Бевин взглянул на сержанта, повернувшись спиной ко мне:
– Сэр, я очень сожалею, если…
– Поздно извиняться за это. – И я затопал к двери. Снаружи меня ждал гардемарин. Я заметил, что глаза у него покраснели.
– Над чем это вы тут рыдаете?
– Ни над чем, сэр. – Ансельм вытянулся в струнку, старательно подтянул живот.
– Вольно, – рыкнул я. Гардемарин был никак не виноват в безобразном поведении кадета-капрала. Ступая на дорожку, я неимоверным усилием придал своему голосу как можно больше мягкости. – Телесное наказание? – К гардемаринам и кадетам принято было относиться как к джентльменам весьма юным, и они подвергались наказаниям наравне с простыми матросами.
– Никак нет, сэр.
– Что же тогда?
– Всего лишь… – Он сделал глотательное движение. – Вчера я помогал Сантини надевать скафандр. У нее всегда возникали проблемы с застежками. Всегда…
– Вы… были друзьями? – Такие панибратские отношения в Академии не поощрялись, однако я вспомнил одного гардемарина, благодаря которому мне – кадету – служилось легче.
Ансельм подавленно кивнул.
– Что мы делаем, сэр? – В его голосе слышалась мольба.
– Исполняем наши обязанности. Это единственный ответ, который мне известен. – Но я не ограничился словами. Мои руки протянулись вперед помимо моей воли. – Подойди сюда, мальчик. – И я осторожно прижал его рыжую голову к своей груди.
– Это не так… если бы мы…
– Понимаю.
– Она так старалась!
– Они все старались.
Через какое-то время парнишка высвободился, ковырнул носком ботинка землю.
– Она играла моими волосами.
– Весьма смело для кадета. – Мы зашагали вперед.

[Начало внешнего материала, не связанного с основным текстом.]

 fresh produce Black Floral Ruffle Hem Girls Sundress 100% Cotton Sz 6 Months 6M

– Она знала, что ей не о чем беспокоиться. – Он шмыгнул носом. – Видеть ее лежащей там…
– Могу себе это представить.
– Кровь у уголков рта. – Он поежился. – Ну, почему, сэр? Почему ей довелось найти такой конец?
– Не знаю, сынок.
Голос Ансельма был таким тихим, что я его едва слышал.
– Мне так тоскливо без нее.
Мы подошли к дому начальника Академии.
– Сэр? – отдал он честь. – Вертолетная площадка – там. – Дорожка уходила влево.

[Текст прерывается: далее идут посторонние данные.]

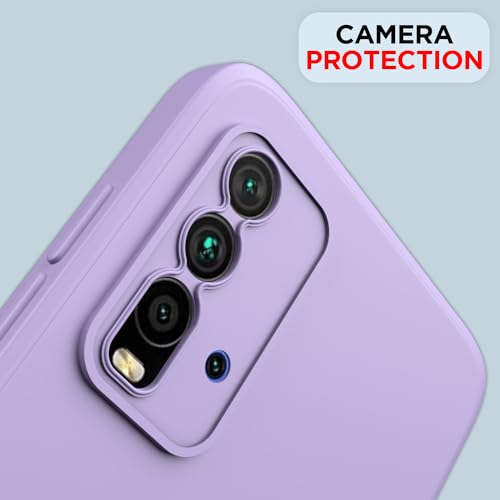 Image of Outlouders Back Cover for Redmi 9 Power /Poco M3 | Camera Protection | Durable Soft Matte Silicone Bumper Case (Purple)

– Знаю. – И я пошел прямо.
– Куда вы идете?
– Исполнять мои обязанности.
Когда мы приблизились к кованым воротам, я пригладил волосы и поправил галстук.
Впереди хищной стаей стояли репортеры, направляя объективы своих камер через решетчатую ограду. Мое лицо сделалось непроницаемой каменной маской.
– Приземлились, сэр.
Я вздрогнул и глянул через мутное окошко вертолета. Мы сели на бетонную пыльную площадку в моей вашингтонской резиденции.
Вдали за забором колыхались в жарком, влажном июльском воздухе красные клены. Резиденция располагалась неподалеку от старого Вашингтона, за рекой – словно гнездышко, спрятавшееся посреди холмов Вирджинии от наступающей отовсюду урбанизации. Дом был выстроен в стиле поместий южан перед Гражданской войной. Деньги на этот подарок мне собирали по подписке, когда заканчивалось мое первое хождение во власть.